**Records to process**.
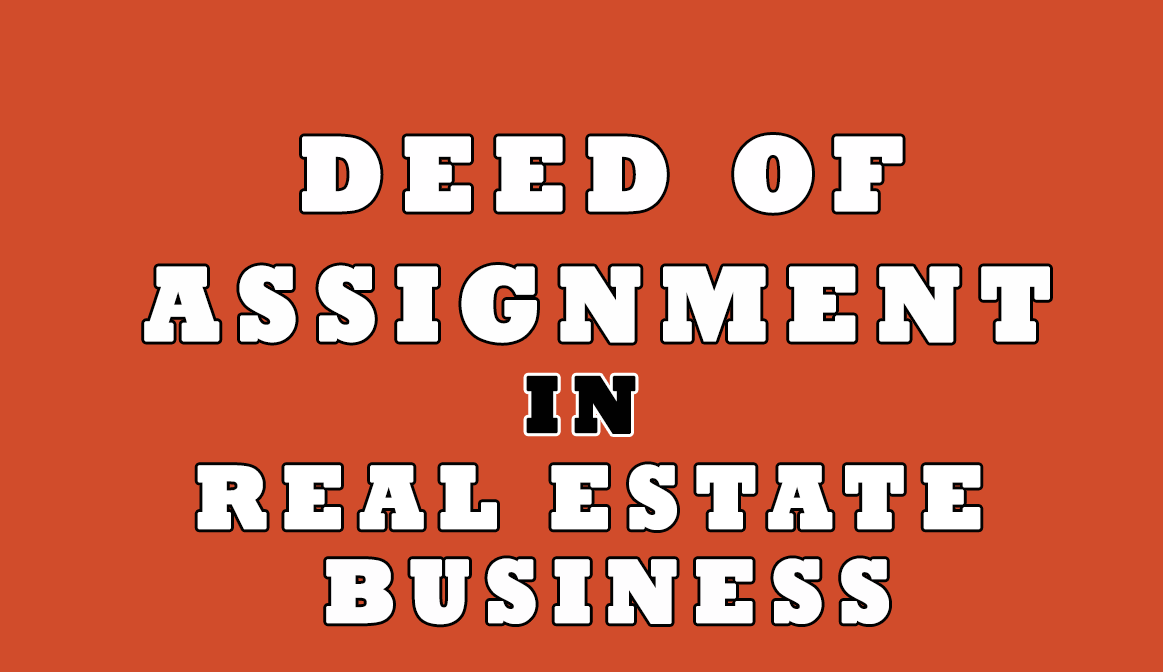 how to get deed of assignment in nigeria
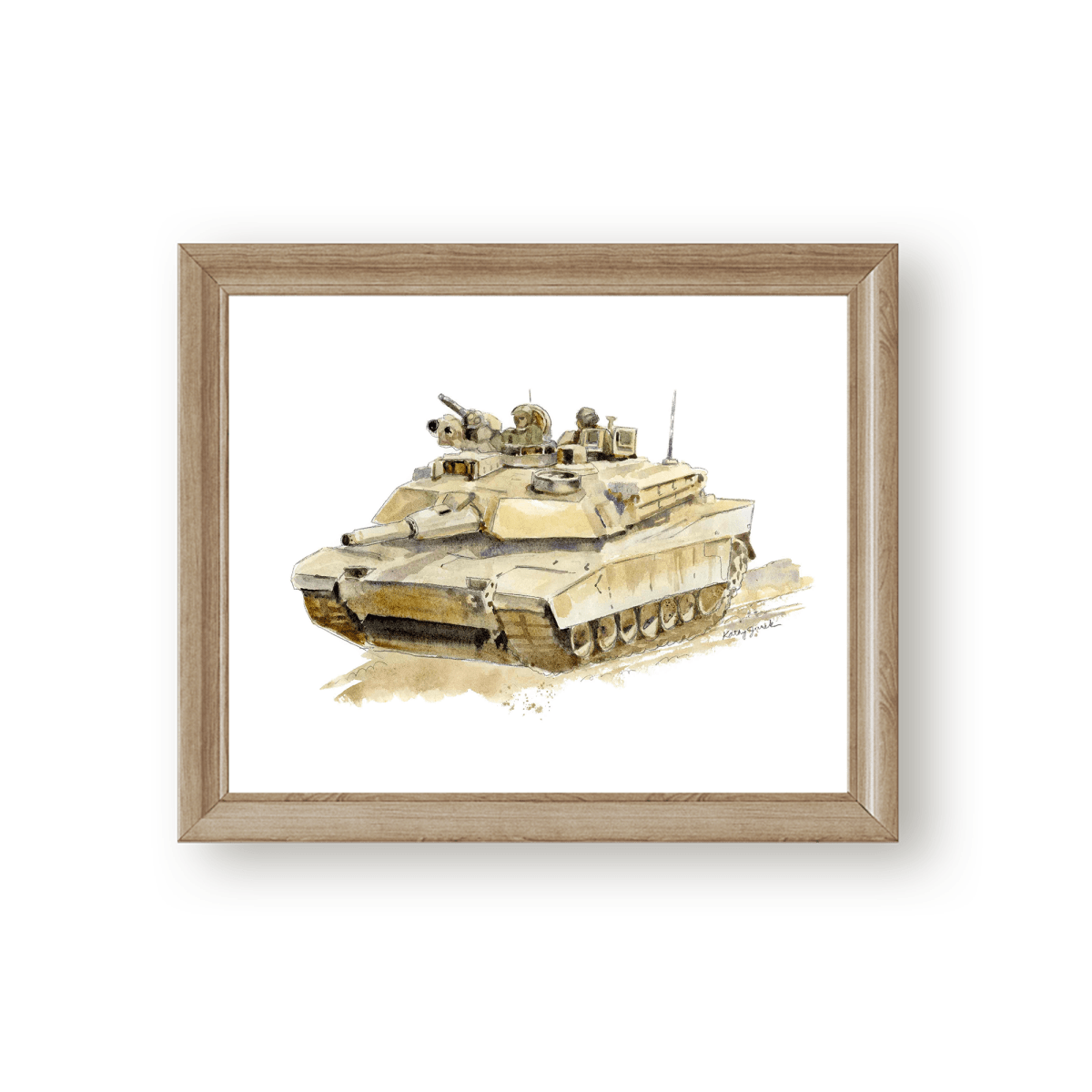 M1 Abrams Army Tank Print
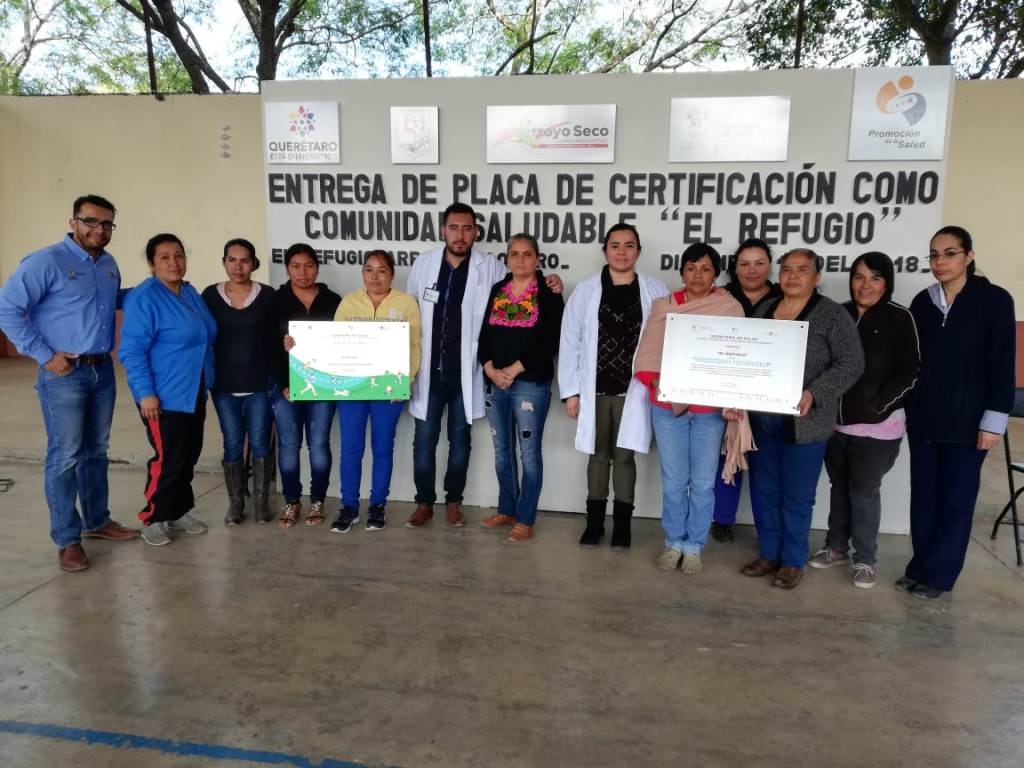 Comunidad saludable: Certifican a la localidad de “El Refugio” en Arroyo Seco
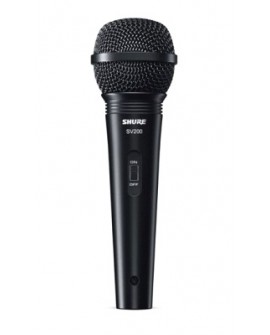 Shure Micrófono con accesorios SV 200WA Negro - Envío Gratuito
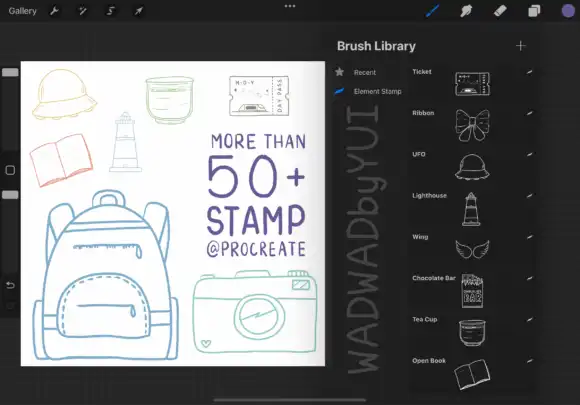 Brush Stamp for Procreate More Than 50+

**Work order**. Return all the records above exactly, pictures omitted.

**Answer to the exercise**.
 how to get deed of assignment in nigeria
 M1 Abrams Army Tank Print
 Comunidad saludable: Certifican a la localidad de “El Refugio” en Arroyo Seco
 Shure Micrófono con accesorios SV 200WA Negro - Envío Gratuito
 Brush Stamp for Procreate More Than 50+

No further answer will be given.